Kau mulai menyeberangi sungai yang alirannya hanya sebatas betismu. Dingin. Kau sengaja memakai celana panjang agar mudah bergerak. Sedangkan sandal, kaupegang dengan tangan kirimu.
Sementara itu, Acil Ikis semakin kencang memanggil-manggil namamu sembari terus menggedor-gedor pintu ruanganmu. Rupanya Retno tidur mati, setelah semalaman suntuk bergelut dengan lelaki langganannya, sampai-sampai tak terusik oleh teriakan dan gedoran Acil Ikis.
“Heh…Siapa itu!”
Langkahmu tiba-tiba terhenti saat baru saja berhasil menyeberangi sungai itu. Kau kenal kalau suara itu adalah milik Uncit, anak buah Amat Kucik, tapi kau tak dapat menjangkaunya, karena wajahmu tersiram cahaya senter.

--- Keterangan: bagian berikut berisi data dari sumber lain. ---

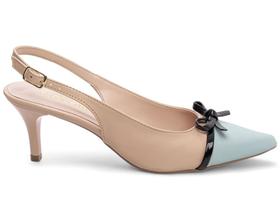 Scarpin Feminino Elegante Sapato Salto Médio Baixo Fino 6cm Napa Azul e Bege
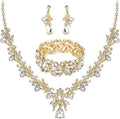 Wedding Leaf Flower Crystal Teardrop Pendant Necklace Dangle Earrings Stretch Bracelet Jewelry Set for Women Bridal Party Prom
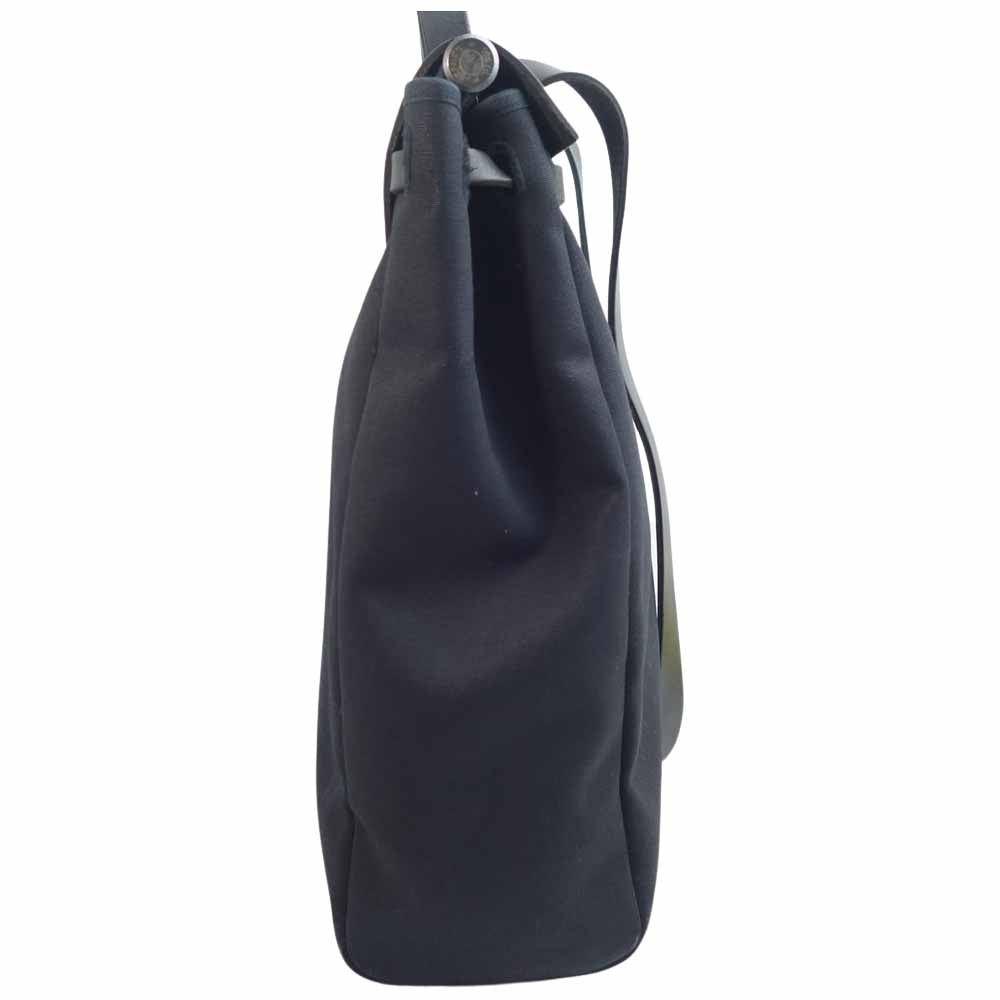HERMES エルメス エールバッグ MM □D刻印 シルバー金具 ブラック系【中古】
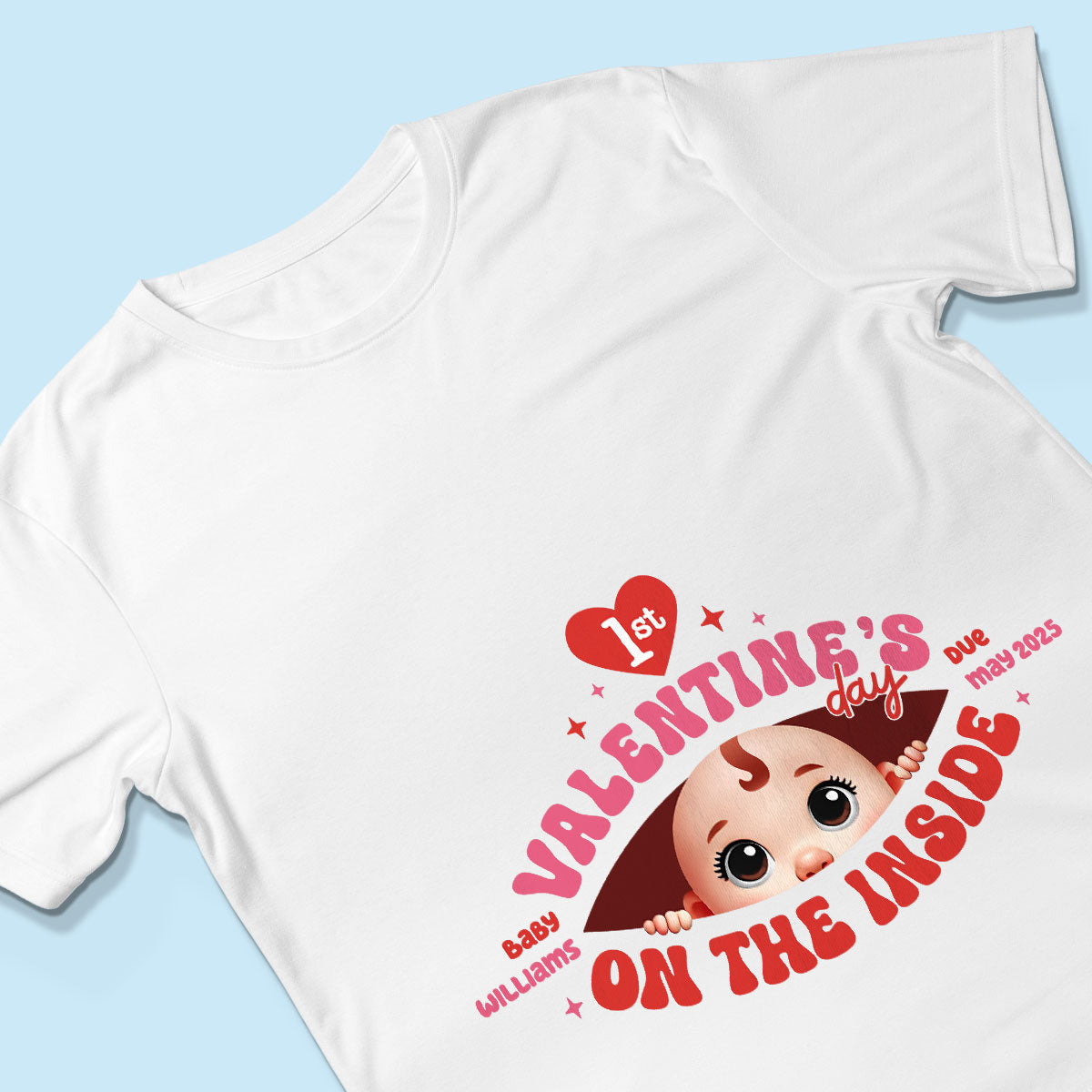 Baby's First  On The Inside Personalized Shirt, Custom Pregnancy Reveal Shirt, Expecting Mom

“Nyai, handak ka mana, ikam? Heh, jangan bukah!12”
Samar-samar, sumber suara itu bergerak. Kau terus menambah kecepatan langkahmu menerobos hutan itu. Kau bahkan tak perduli lagi dengan kemungkinan-kemungkinan buruk yang akan menimpamu setelah perjalanan malam ini. Yang berkeliaran di dalam pikiranmu saat ini hanya satu, yaitu wajah ibumu. 

Kotabaru, 01-09 Januari 2016

Keterangan Bahasa Sunda & Banjar:
1) Bibi
2) Ibu
3) Paman
4) Ayah
5) Kak/Kakak
6) Tante
7) ”Cantik kok”
8) Anjing
9) Babi
10) Kamu
11) Mahal
12) ”Nyai, mau ke mana, kau! Heh, jangan lari!”